Provided records =

______________________________

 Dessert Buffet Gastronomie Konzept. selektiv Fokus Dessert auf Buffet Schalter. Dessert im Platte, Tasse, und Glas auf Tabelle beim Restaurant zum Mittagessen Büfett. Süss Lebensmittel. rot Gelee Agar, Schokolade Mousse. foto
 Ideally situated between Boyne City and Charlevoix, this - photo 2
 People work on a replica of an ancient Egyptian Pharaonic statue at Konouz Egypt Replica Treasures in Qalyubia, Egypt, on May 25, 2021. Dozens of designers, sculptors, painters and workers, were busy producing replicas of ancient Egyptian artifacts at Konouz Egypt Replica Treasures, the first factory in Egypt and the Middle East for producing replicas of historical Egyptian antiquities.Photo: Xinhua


______________________________

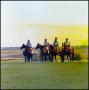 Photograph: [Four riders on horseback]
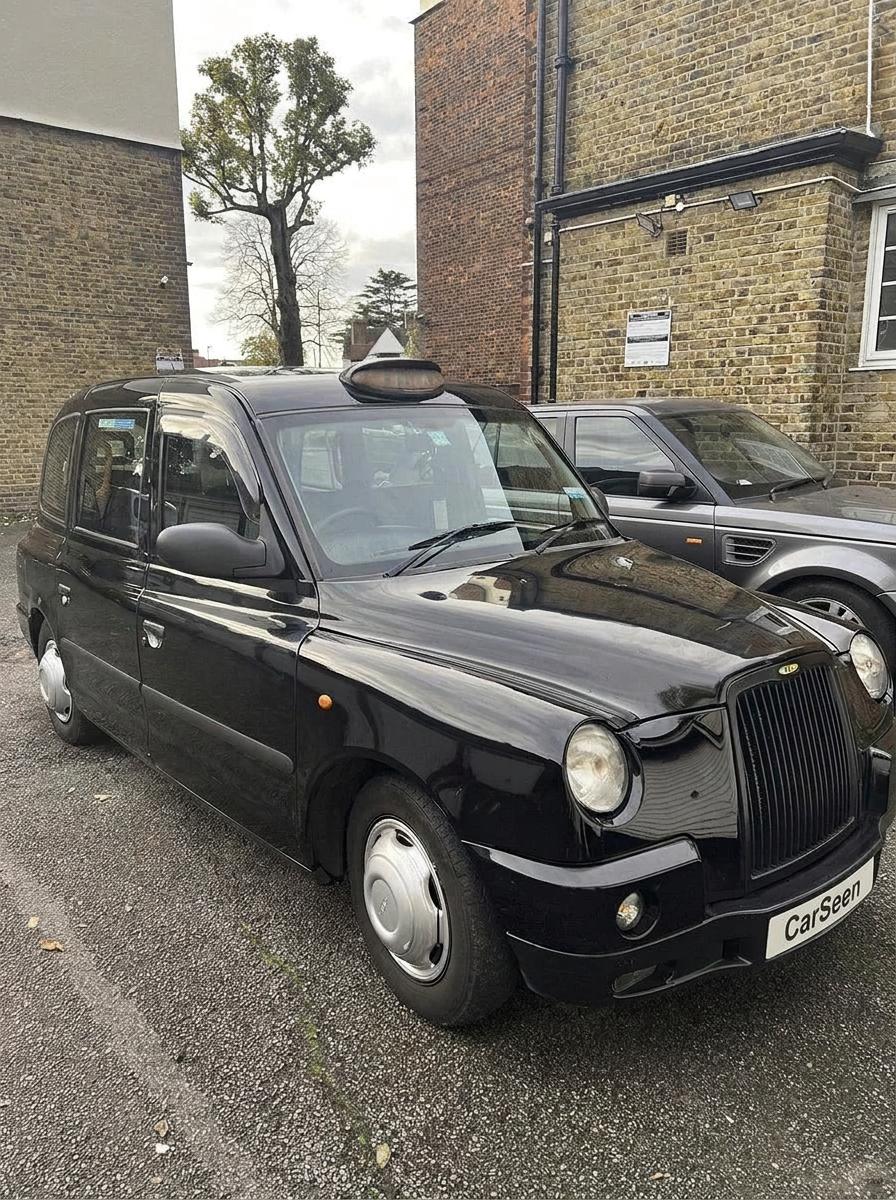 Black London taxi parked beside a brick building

______________________________

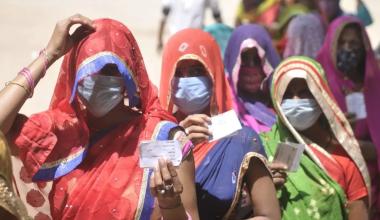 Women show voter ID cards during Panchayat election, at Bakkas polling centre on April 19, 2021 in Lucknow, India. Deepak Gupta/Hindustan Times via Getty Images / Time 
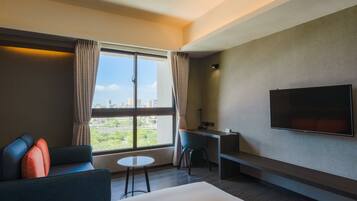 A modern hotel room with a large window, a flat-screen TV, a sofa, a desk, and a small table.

______________________________

Exercise =
Starting at the line that contains "Dessert Buffet Gastronomie" and stopping after the line that contains "People work on", write out every line exactly as it appears above, and no other line.

Reply to the exercise =
 Dessert Buffet Gastronomie Konzept. selektiv Fokus Dessert auf Buffet Schalter. Dessert im Platte, Tasse, und Glas auf Tabelle beim Restaurant zum Mittagessen Büfett. Süss Lebensmittel. rot Gelee Agar, Schokolade Mousse. foto
 Ideally situated between Boyne City and Charlevoix, this - photo 2
 People work on a replica of an ancient Egyptian Pharaonic statue at Konouz Egypt Replica Treasures in Qalyubia, Egypt, on May 25, 2021. Dozens of designers, sculptors, painters and workers, were busy producing replicas of ancient Egyptian artifacts at Konouz Egypt Replica Treasures, the first factory in Egypt and the Middle East for producing replicas of historical Egyptian antiquities.Photo: Xinhua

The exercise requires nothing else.